# [Problem to solve]
Below is a listing to transcribe in full and exactly; keep the pictures out.

# [Supplied information]
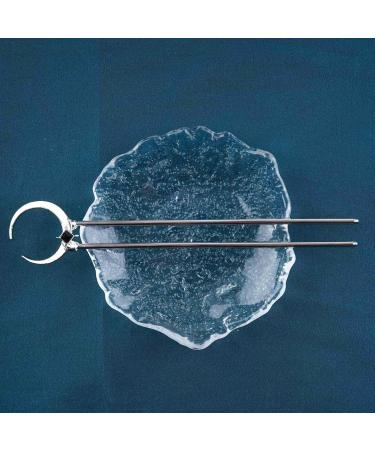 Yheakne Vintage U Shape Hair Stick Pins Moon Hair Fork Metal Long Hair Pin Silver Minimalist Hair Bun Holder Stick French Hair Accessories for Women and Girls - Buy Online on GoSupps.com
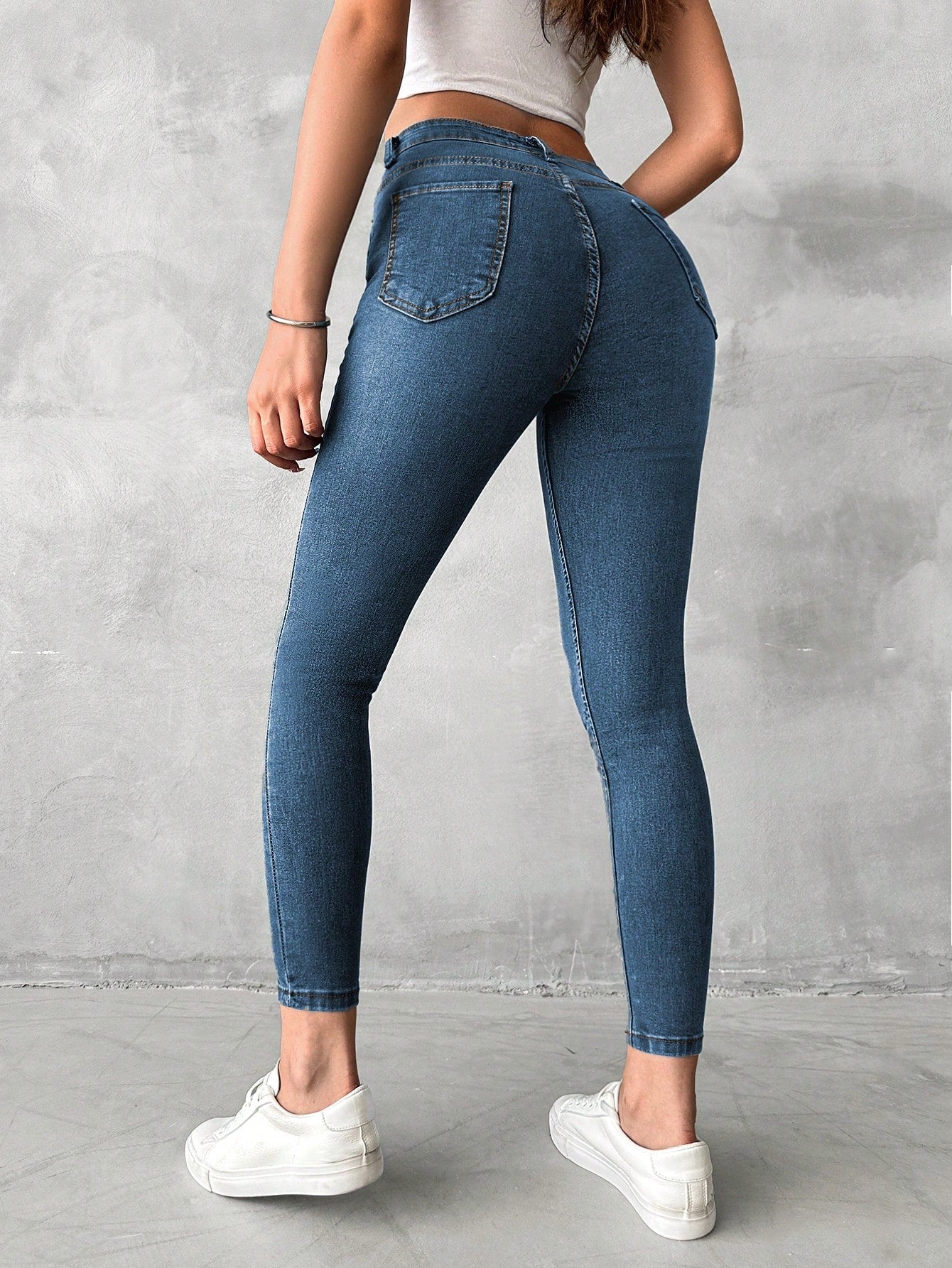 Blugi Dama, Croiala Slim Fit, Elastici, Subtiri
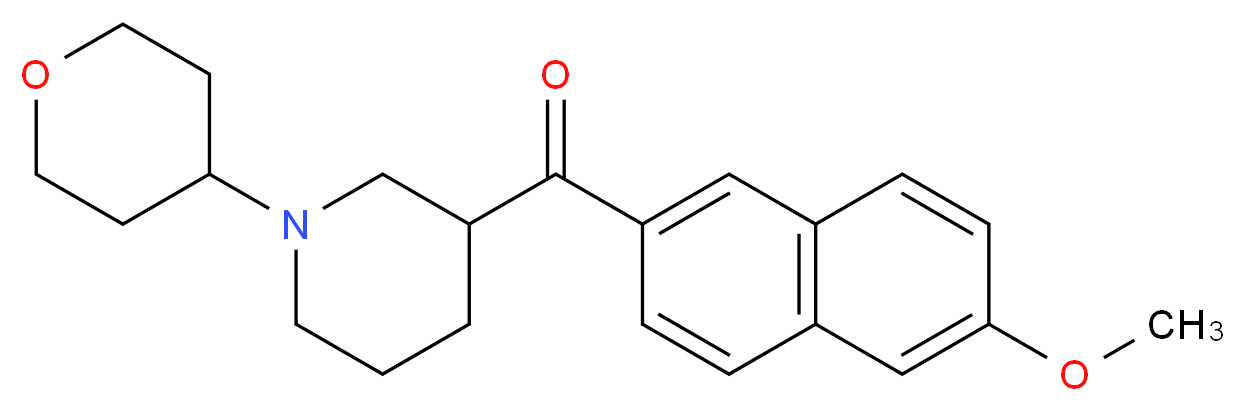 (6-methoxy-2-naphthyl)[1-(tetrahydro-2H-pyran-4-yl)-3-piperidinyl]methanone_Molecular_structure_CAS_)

# [Response area]
 Yheakne Vintage U Shape Hair Stick Pins Moon Hair Fork Metal Long Hair Pin Silver Minimalist Hair Bun Holder Stick French Hair Accessories for Women and Girls - Buy Online on GoSupps.com
 Blugi Dama, Croiala Slim Fit, Elastici, Subtiri
 (6-methoxy-2-naphthyl)[1-(tetrahydro-2H-pyran-4-yl)-3-piperidinyl]methanone_Molecular_structure_CAS_)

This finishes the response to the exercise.